You can use the AGRIS search box to create custom, complex queries by hand. AGRIS search syntax is a subset of Apache Solr query syntax: more precisely, it covers only the Lucene query syntax with some refinements. A query expression is decomposed into a set of unordered clauses of three types:
a clause can be mandatory: for example, to search for only documents containing the word rice you should type +rice
a clause can be prohibited: for example, all documents except those with rice will be retrieved with the query -rice
a clause can be optional: rice
It's ok for spaces to come between + or - and the search word.
If the query expression contains at least one mandatory clause, then any optional clause is just optional, but it serves a useful function in scoring documents that match more of them higher. If the query expression does not contain any mandatory clauses, then at least one of the optional clauses must match. An alternative syntax uses the boolean operators AND, OR, and NOT: the engine translates this syntax in the previous one. Take care about the case of the operators: they should be written in uppercase. When the AND operator is used between clauses, then both the left and the right sides of the operand become mandatory, while with the OR operator they become optional (redundant, because the default operator is already OR):
rice AND milk ==> +rice +milk
rice OR milk ==> rice milk
The NOT operator is equivalent to the - syntax. Remember that AND is equivalent to both sides of the operand being mandatory, and thus a query like the following is equivalent to have each clauses mandatory:
rice AND milk OR water AND potato ==> +rice +milk +water +potato
In order to combine query clauses in some ways, you will need to use sub-expressions. This means that you can use parenthesis to compose a query of smaller queries:
(rice AND milk) OR (water AND potato) <==> (+rice +milk) (+water +potato)

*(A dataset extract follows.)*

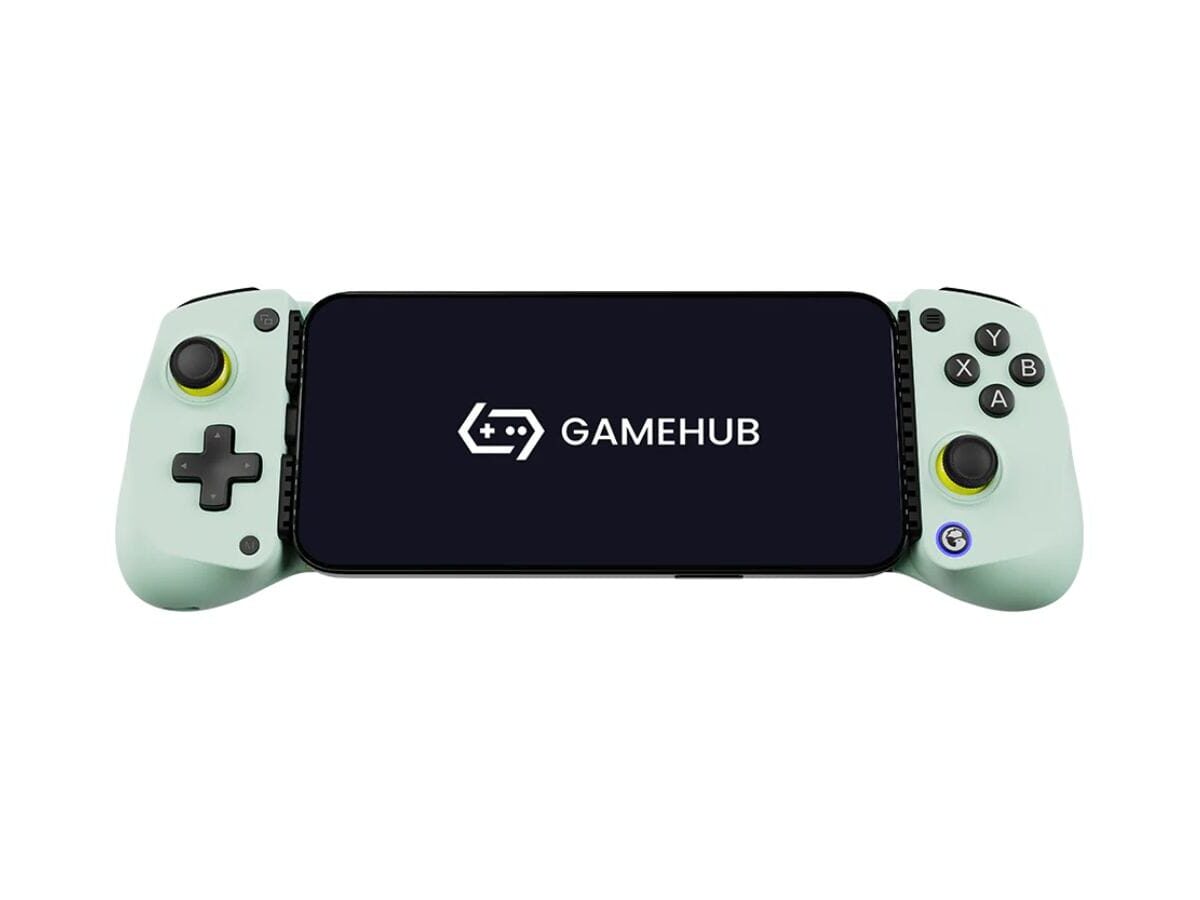 GameSir X5 Lite: Lightweight Type-C Mobile Gaming Controller with Wide Compatibility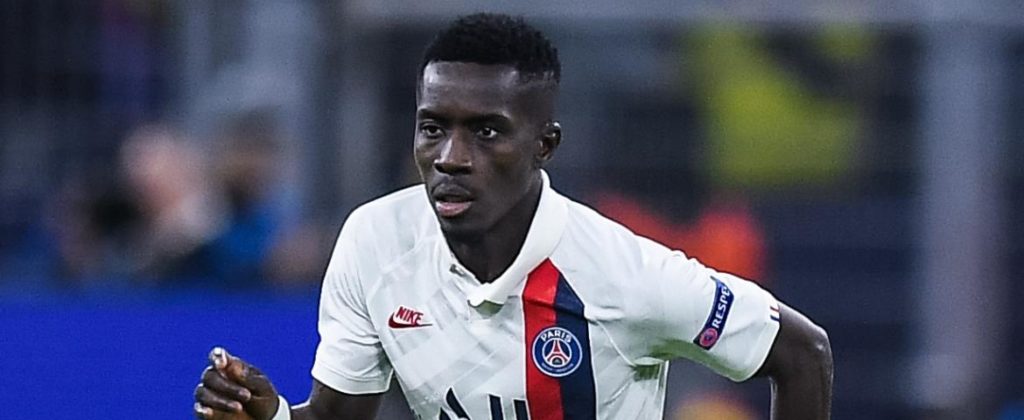 Idrissa Gueye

Apache Solr extends Lucene query Syntax, supporting pure negative queries, but only at the top level query expression. To make this work, you have to take the sub-expression containing only negative clauses, and add the all document query clause *:* . Thus, to match all documents containing the word rice or that don't contain the word milk:
rice (-milk *:*)
To have a clause explicitly search a particular indexed field, precede the relevant clause with the field's name, and then add a colon. Spaces may be used in-between, but that is generally not done.
title:(+rice +milk)
The content of the parenthesis is a sub-query, but with the default field being overridden to be the one specified. In AGRIS the default field is a special one containing all the indexed fields. Other fields that can be queried are:
ARN, center, centerkey, language, title, alternative, titleSupplement, citationTitle, author, corporateAuthor, publisher, publicationPlace, publicationDate, agrovoc, field_1, ISSN, ISBN, date, fulltext, abstract
To search for two words adjacent to each other and in a specific order you must use double quotes:
"water alternative"
Related to these queries is the notion of the termsList proximity, aka the slop factor or a near query. If you want to permit to the specified words to be separated by no more than say four words in-between, then you could do this:
"water alternative"~4
A Solr index fundamentally stores analyzed terms (words after lowercasing and other processing), and this is generally what you are searching for. However, you can search on partial words using wildcard queries:
no text analysis is performed on the search word. So you may find yourself lowercasing the text before searching it;
wildcard process is much slower, because every termsList ever used in the fields needs to be iterated over to see if it matches the wildcard pattern. Moreover, every matched termsList is added to an internal query, which could grow to be large, but will fail if it attempts to grow larger than 1024 different terms.
To perform wildcard queries you can use the asterisk to match any number of characters (perhaps none), or the question mark to force a match of any character at that position. For example, to match word that start with fis and that have at least two more characters but potentially more:
fis??*
You can also put the wildcard at the front.
Solr lets you query for numeric, date, and text ranges. Thus, to search for all documents submitted to AGRIS from 1990 to 2000 you can type:
date:[1990 TO 2000]
Solr supports also open-ended range queries by using the asterisk:
date:[1990 TO *]
An application of range queries is the possibility to perform existence queries, i.e. to match all documents that have a value in a field (a sort of NOT NULL). For example, to find all documents that have a link to the fulltext, you can type:
fulltext:[* TO *]
This can be negated to find documents that do not have a value for the field:
-fulltext:[* TO *]
The following characters are used by the query syntax:
+ - && || ! () {} [] ^ " ~ * ? : \
In order to use any of these without their syntactical meaning, you need to escape them by preceding \, or to use the double-quotes phrase query.